塾に入ったからには勉強する、あるいはさせられるのは当たり前。そのうえでどれだけ点数を上げられるかに焦点を当てるのが,昨今の強い風潮のように感じています。
もちろん塾の仕事としてその考え方や風潮に苦言を呈そうなどというわけではありません。
ただ、それ以前の段階にある子供たちも大勢いるのではないかと感じることがよくあります。
例えば、あまりにも前学年の積み残しが多く、現在の学習内容を充分に理解できない生徒さんの場合はどうでしょう。
当然、巻き返しを図るには人の何倍もの時間を勉強するしかありません。でも、それが出来る子であれば、最初からそんな状態になっているとは考えにくい。結局のところそれほど多くの時間をかけて勉強することは出来ない可能性が高いでしょう。
しかし、それを放っておいては塾としては名折れです。
そこで何とかして勉強量を確保しようと、躍起になる塾の先生や保護者の方は多いと思います。
もちろん、それをきっかけに勉強しなかった子がする子に変化してくるなど、スパルタ式のやり方が功を奏する場合もあります。
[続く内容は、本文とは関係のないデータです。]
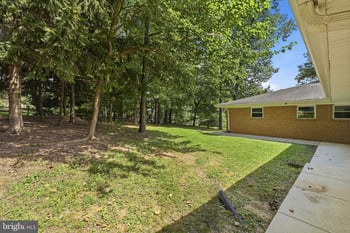 9425 Emory Grove Rd, Gaithersburg, MD 20877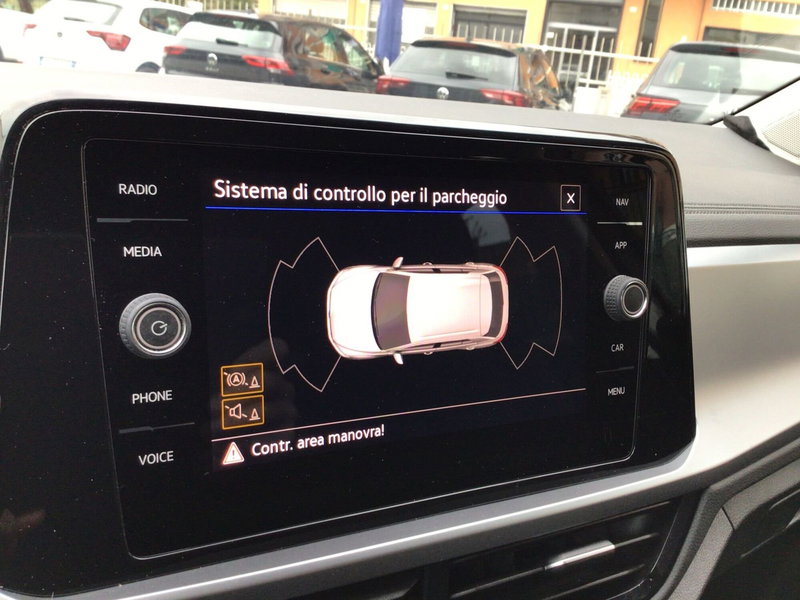 Volkswagen T-Roc usata a Genova (17)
ですが、そのやり方が逆効果になることも大いに考えられるところです。
そんな時です。
私自身はそれぞれのペースや要望に合わせる(甘えに合わせるというわけではありません)のが良いと考えています。
例えば、ピアノ教室に通い始めると考えてみてください。
通う目的や目標は人それぞれでしょう。全員がコンクールに出ることや、そこで結果を出すことを目標にしているわけではないはずです。
ちょっとピアノを演奏できるようになってみたい。あるいは最低限のリズム感を身につけてほしいといった要望もあるでしょう。そういった様々な希望を持つ生徒さんにピアノ教室の先生は、それに合わせた指導をしていくはずです。
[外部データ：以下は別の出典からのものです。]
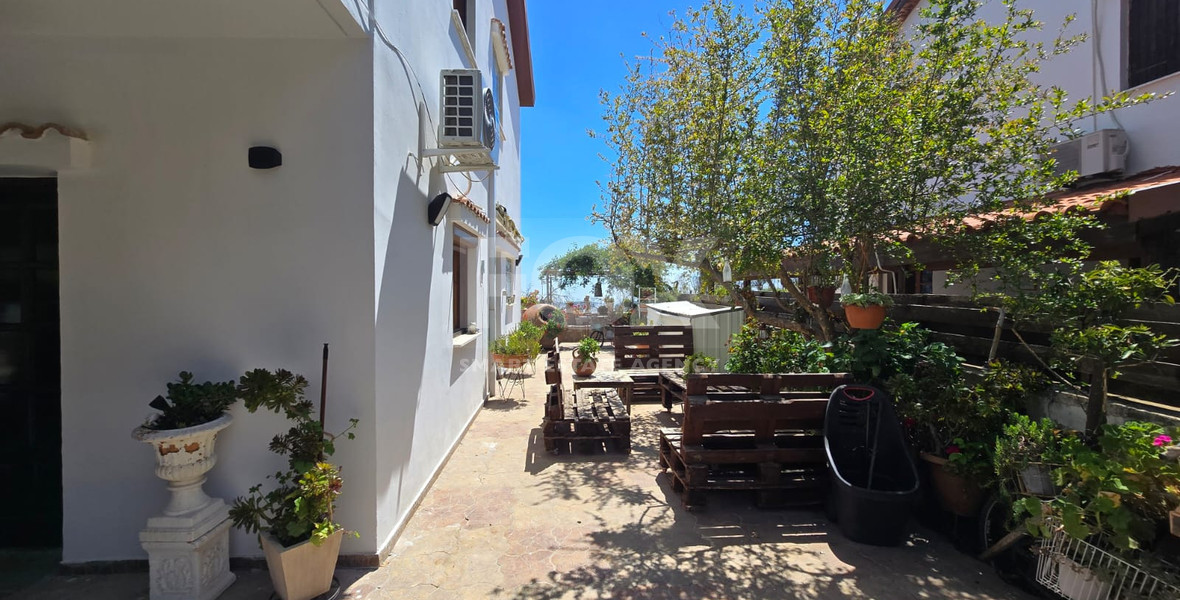 House for Rent in Lofou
勉強とピアノを一緒にするなと思われるかもしれません。でも学習塾も習い事の一つと考えると、根本的には同じ事だと私は考えています。
学習塾でもピアノ教室でも、通って来られる生徒さんの目的や希望、能力の違いにそって伴走者としてその生徒さんと共に走る。それが“塾生に寄り添う”ことだと思うのです。
話は少し変わりますが昨今、英語教育が過熱し、小学校5・6年での教科化など積極的な改革が行われています。
しかし、現実に将来社会に出た時、実際に英語を使用する立場にある人は国民全体の1割程度と言われています。にもかかわらず、あたかも国民全体が高い英語力を身に付けることが求められているかのような風潮です。そのため小中学校での連携も十分に取れぬまま、いたずらに難易度を上げたことで極端な二極化を招き、かえって英語の出来ない生徒を増やす結果となっているように感じます。
そういったことから松山塾では学年を問わず、日々1時間の勉強に取り組むことを最低限のルーティーンとし、それ以上のことは個々の生徒さんに合わせた指導をさせていただくことを信条としています。それが松山塾の“寄り添い方”なのです。
受験結果の記載や定期テストの点数アップを広告としていないのはそのためです。
結果は生徒さん個人の努力によって出されたもの。塾はあくまで個々生徒さんの目標に合わせた学習サポートの場であることを目指して、教室の運営を行っております。